Aim of the exercise :: With pictures left out, retype exactly the lines from the one containing "Chaîne de tête" through the final line of the entries.

Source material ::
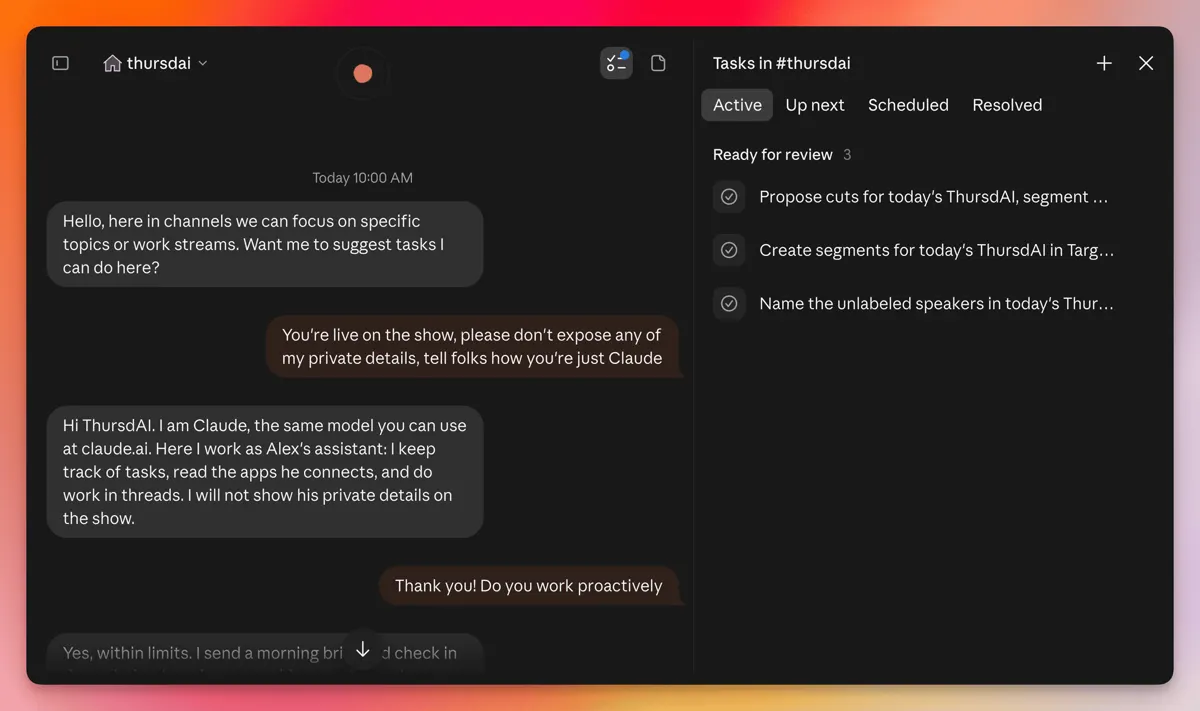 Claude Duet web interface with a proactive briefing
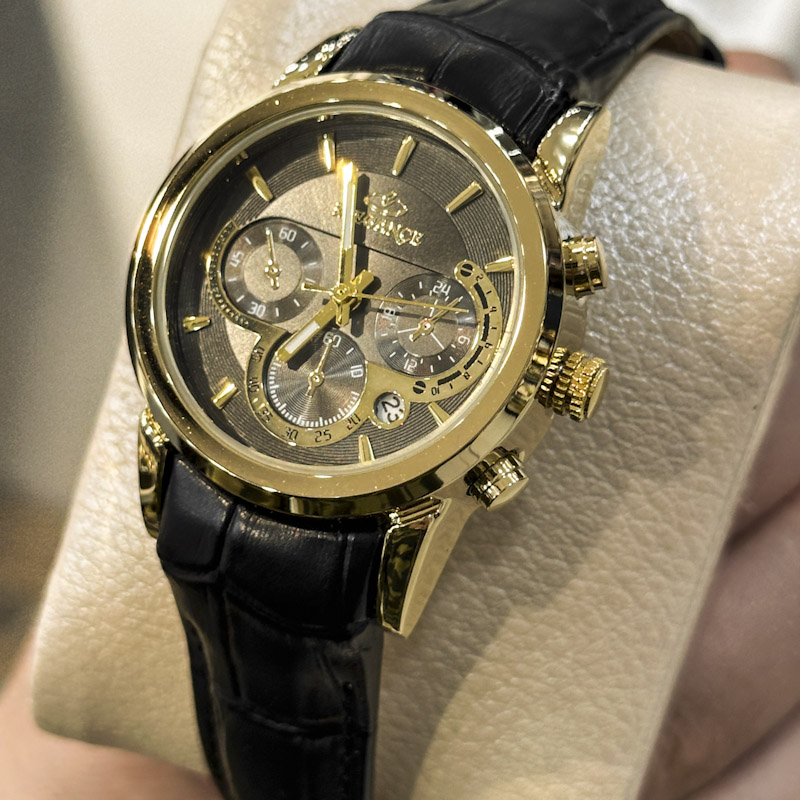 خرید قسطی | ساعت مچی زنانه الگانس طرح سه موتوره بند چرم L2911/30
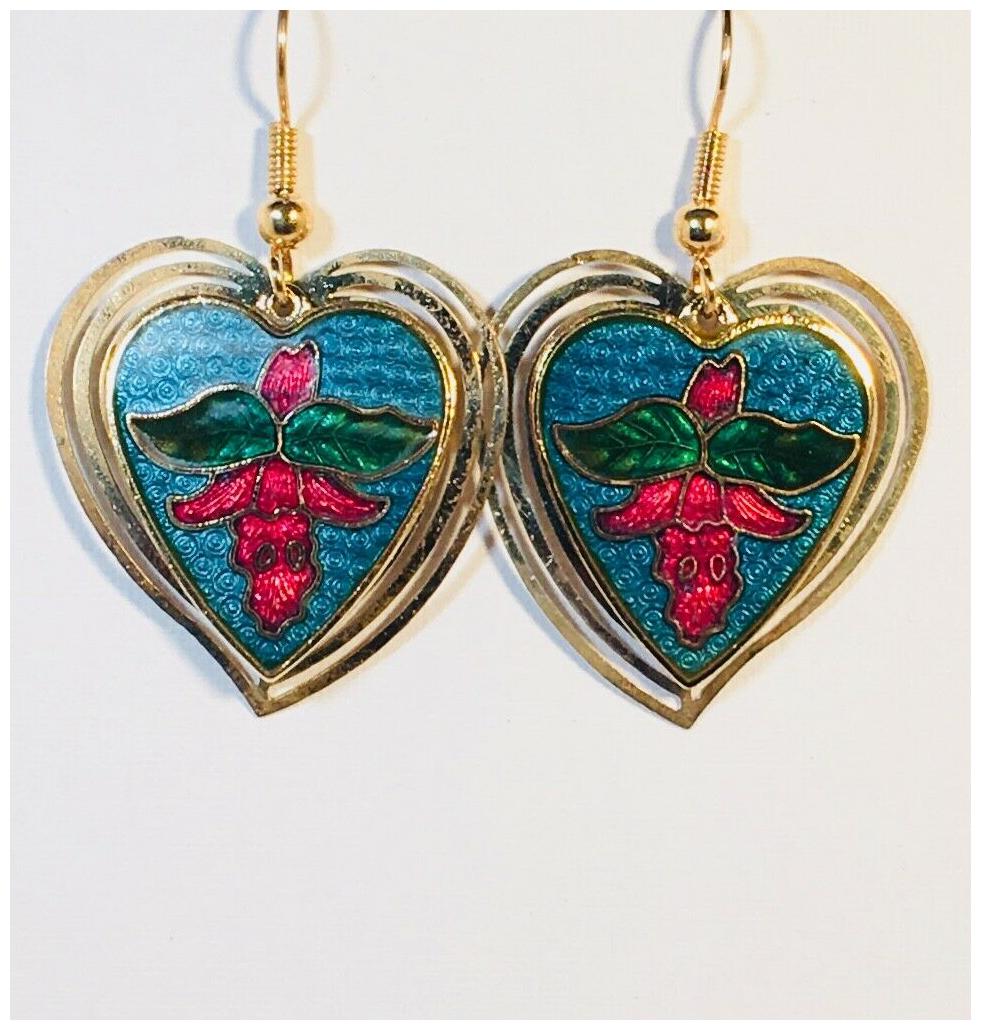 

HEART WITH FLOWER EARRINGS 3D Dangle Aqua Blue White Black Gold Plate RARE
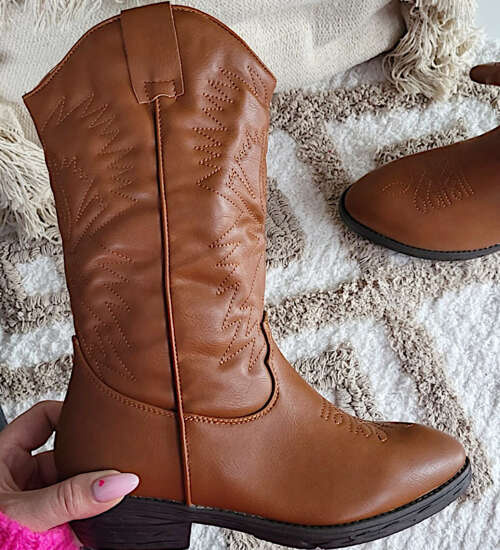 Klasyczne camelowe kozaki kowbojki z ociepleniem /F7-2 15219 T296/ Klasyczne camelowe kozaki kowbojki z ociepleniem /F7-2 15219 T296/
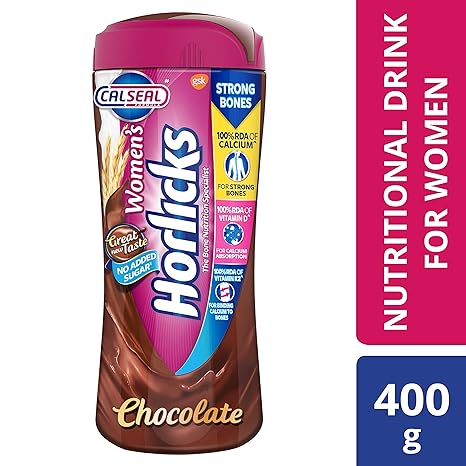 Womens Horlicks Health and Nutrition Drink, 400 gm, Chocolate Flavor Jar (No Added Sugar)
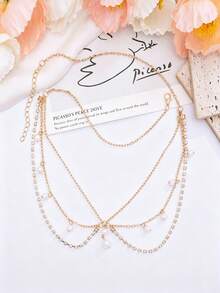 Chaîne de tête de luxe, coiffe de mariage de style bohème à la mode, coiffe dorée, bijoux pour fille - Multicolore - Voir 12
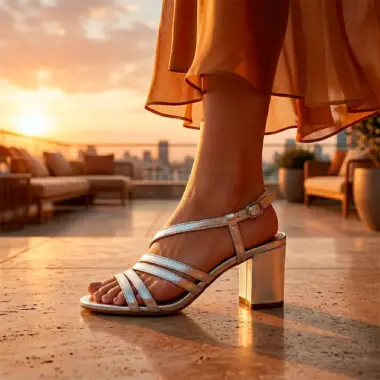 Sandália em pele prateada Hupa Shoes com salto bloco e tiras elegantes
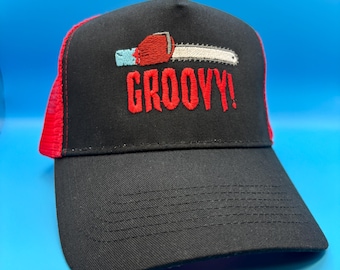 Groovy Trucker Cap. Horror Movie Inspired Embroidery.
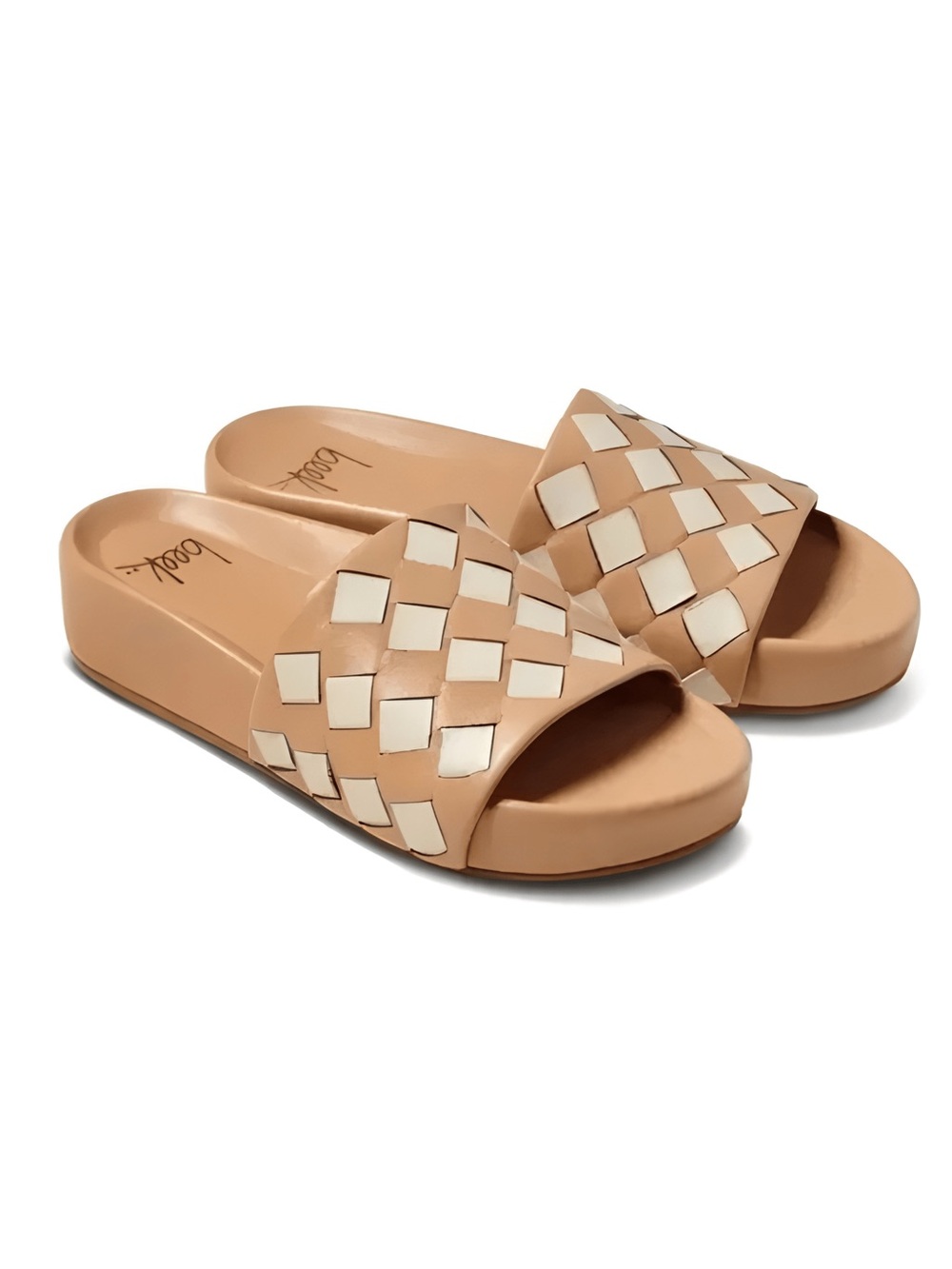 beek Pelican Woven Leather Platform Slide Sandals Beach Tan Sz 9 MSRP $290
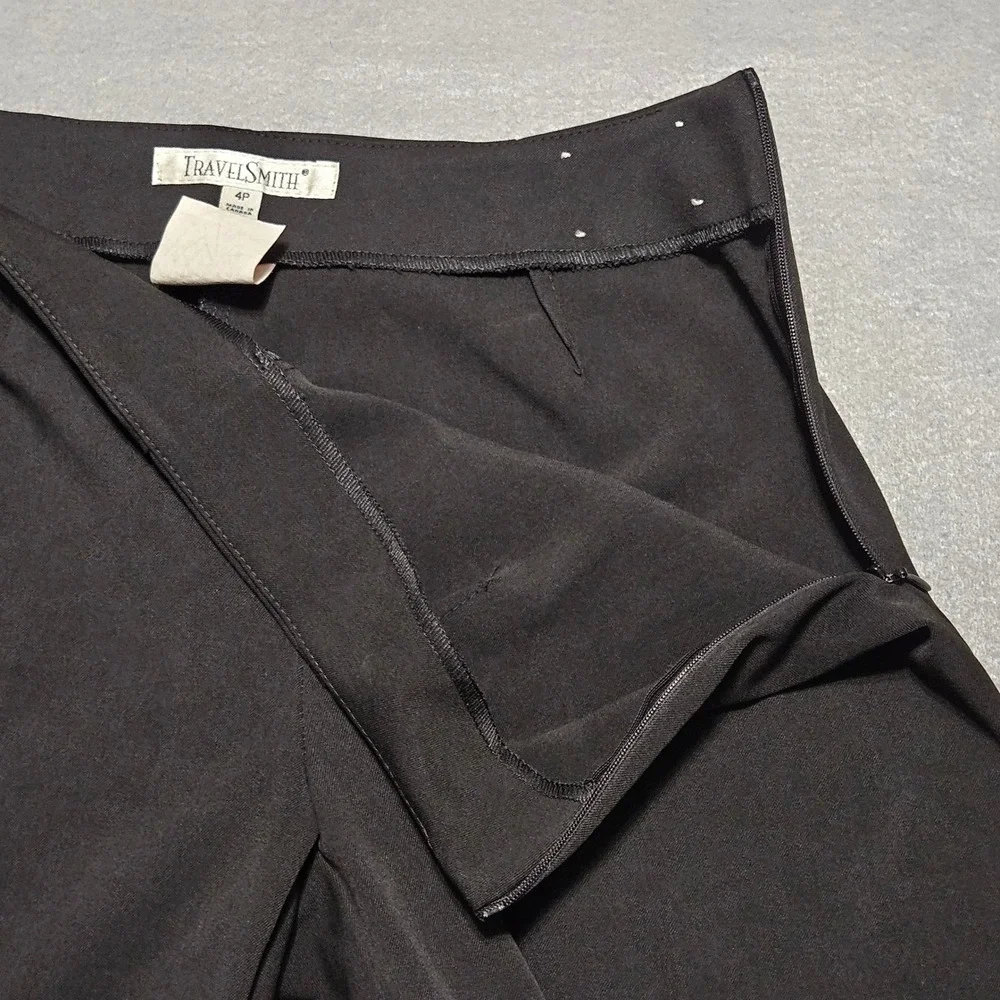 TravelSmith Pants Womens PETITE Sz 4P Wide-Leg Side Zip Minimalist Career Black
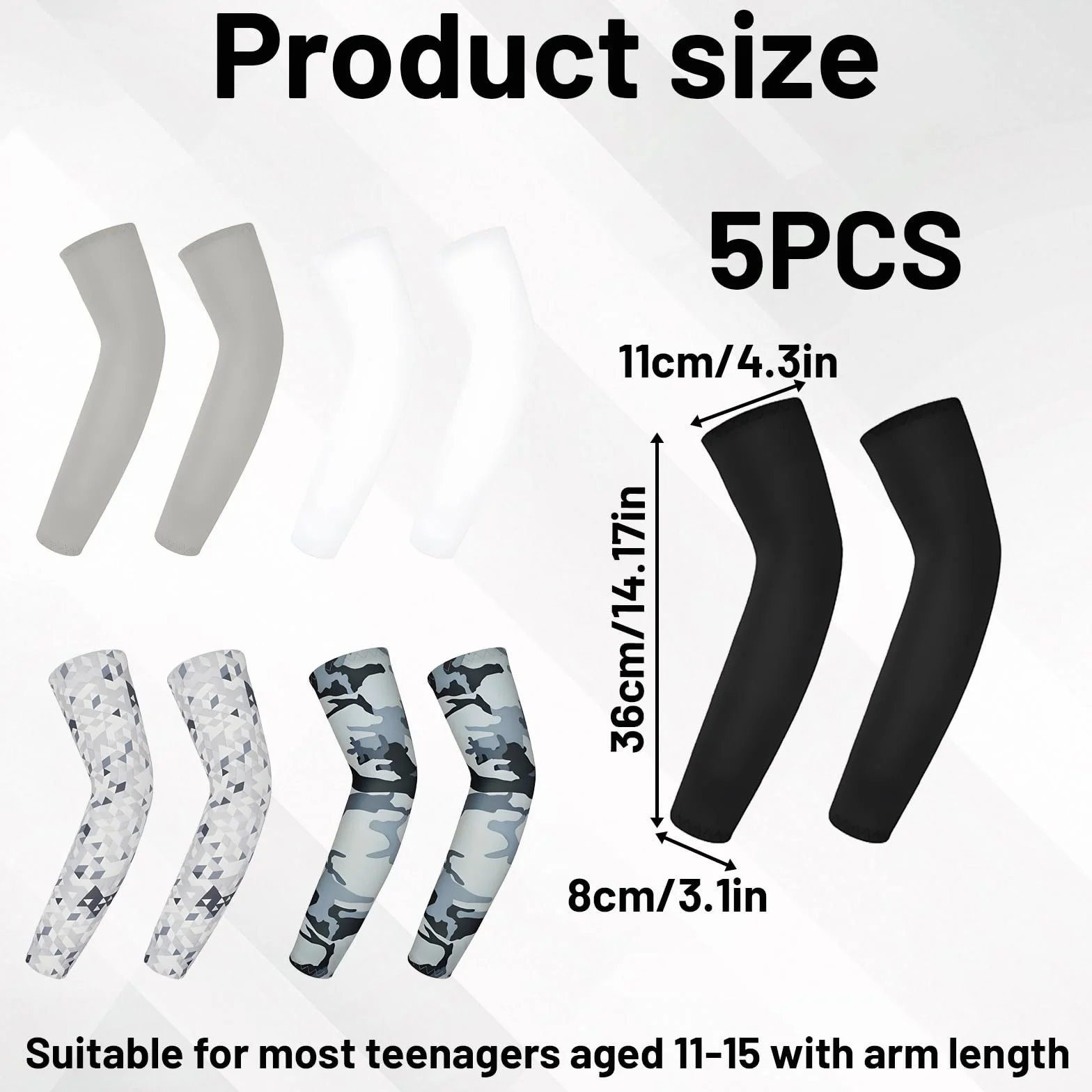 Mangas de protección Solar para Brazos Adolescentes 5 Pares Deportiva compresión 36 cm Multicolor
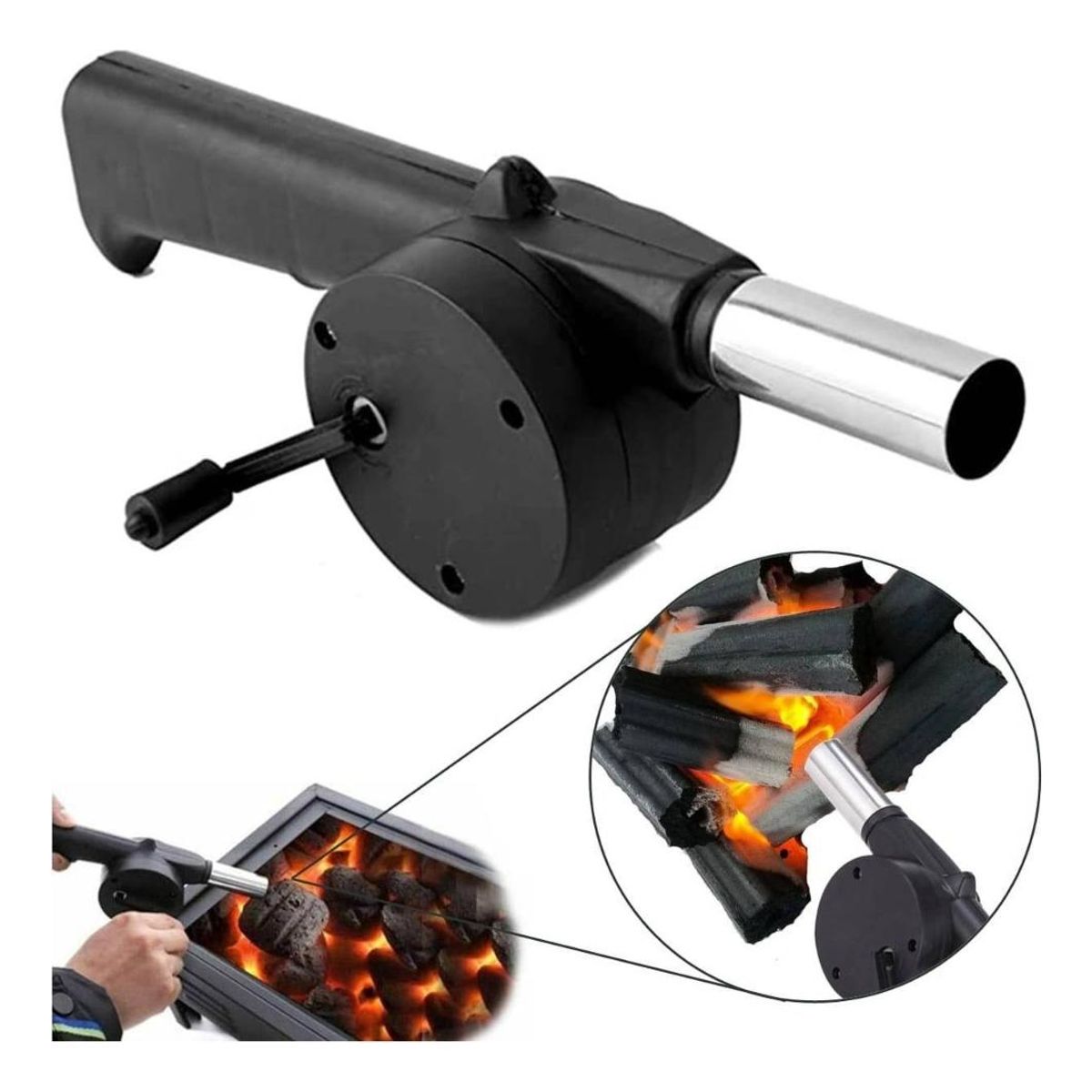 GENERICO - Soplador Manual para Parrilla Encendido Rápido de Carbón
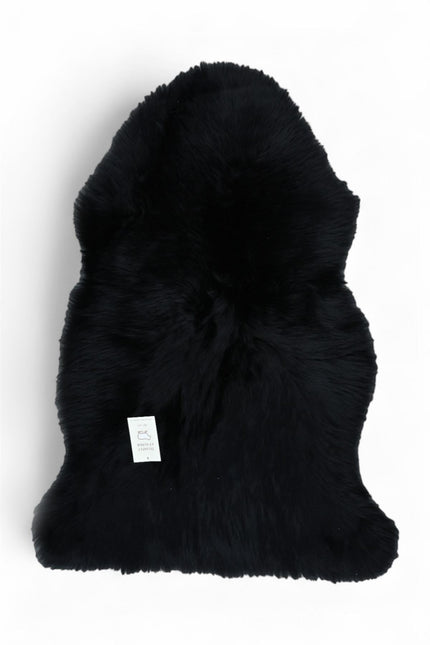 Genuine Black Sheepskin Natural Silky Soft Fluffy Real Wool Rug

Result of this exercise ::
 Chaîne de tête de luxe, coiffe de mariage de style bohème à la mode, coiffe dorée, bijoux pour fille - Multicolore - Voir 12
 Sandália em pele prateada Hupa Shoes com salto bloco e tiras elegantes
 Groovy Trucker Cap. Horror Movie Inspired Embroidery.
 beek Pelican Woven Leather Platform Slide Sandals Beach Tan Sz 9 MSRP $290
 TravelSmith Pants Womens PETITE Sz 4P Wide-Leg Side Zip Minimalist Career Black
 Mangas de protección Solar para Brazos Adolescentes 5 Pares Deportiva compresión 36 cm Multicolor
 GENERICO - Soplador Manual para Parrilla Encendido Rápido de Carbón
 Genuine Black Sheepskin Natural Silky Soft Fluffy Real Wool Rug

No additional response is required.